In my lifetime, this retrograde force came to the fore after the 1973 Roe vs Wade decision, morphed into the so-called Moral Majority of the late 1970s, rebranded itself under the “family values” banner in the 1980s, became the dittohead hate-fans of Rush Limbaugh in the 1990s, and finally in the 2000s have gathered together to worship in the church of their choice, the conservative propaganda arm that is Fox News.
I think the very raison d’être of Fox News is to stoke fear and resentment of others in the minds of its viewers. It goes to great lengths to advance the religious (and by religious, they always mean Christian) victim narrative, from Bill O’Reilly’s tired “War on Christmas” rants to the more recent effort on Fox and Friends to cast the Emanuel AME Church massacre as an attack on faith rather than the racial hate-crime that it was.
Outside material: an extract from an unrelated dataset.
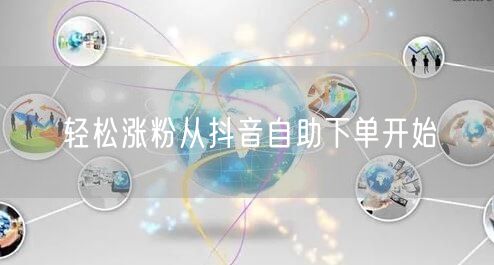 轻松涨粉从抖音自助下单开始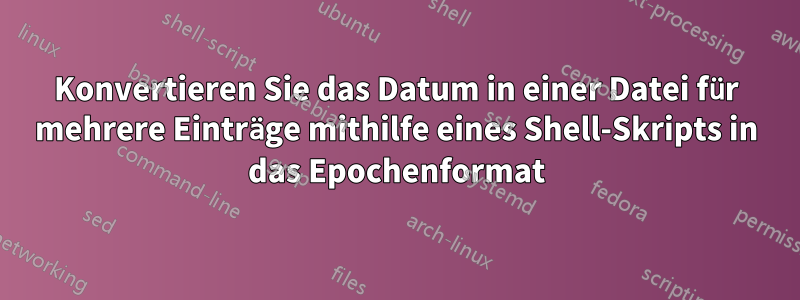 Konvertieren Sie das Datum in einer Datei für mehrere Einträge mithilfe eines Shell-Skripts in das Epochenformat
Fox News plays to its hard-right audience, for whom entitlement and victimization are two sides of the same coin. Tamara Scott of CWA captures the essence of it:
We never thought this would happen in America. We’ve so enjoyed such liberty and such freedom for so long, that now generations have taken it for granted. And we watched it be chipped away and peeled away without our response. Now, it’s not just that we are having to stand strong, but we’re having to retake the mountain, we’re having to retake what was ours.
Few say so, but what we seem to have is a modern-day Confederacy, waging the Cold War equivalent of the Civil War. It is found in the flag flying above the South Carolina capitol building and in the diatribes of Sean Hannity and Rush Limbaugh. It is found in the countless Take Back America speeches by the likes of Rick Santorum, Rand Paul and others on the fringe. This un-civil war is not about territory, it is not about slavery and it is not really about freedom. It is about preserving the entitlements of those who feel most entitled to them. And once again, the little state I live in is one of the battlegrounds.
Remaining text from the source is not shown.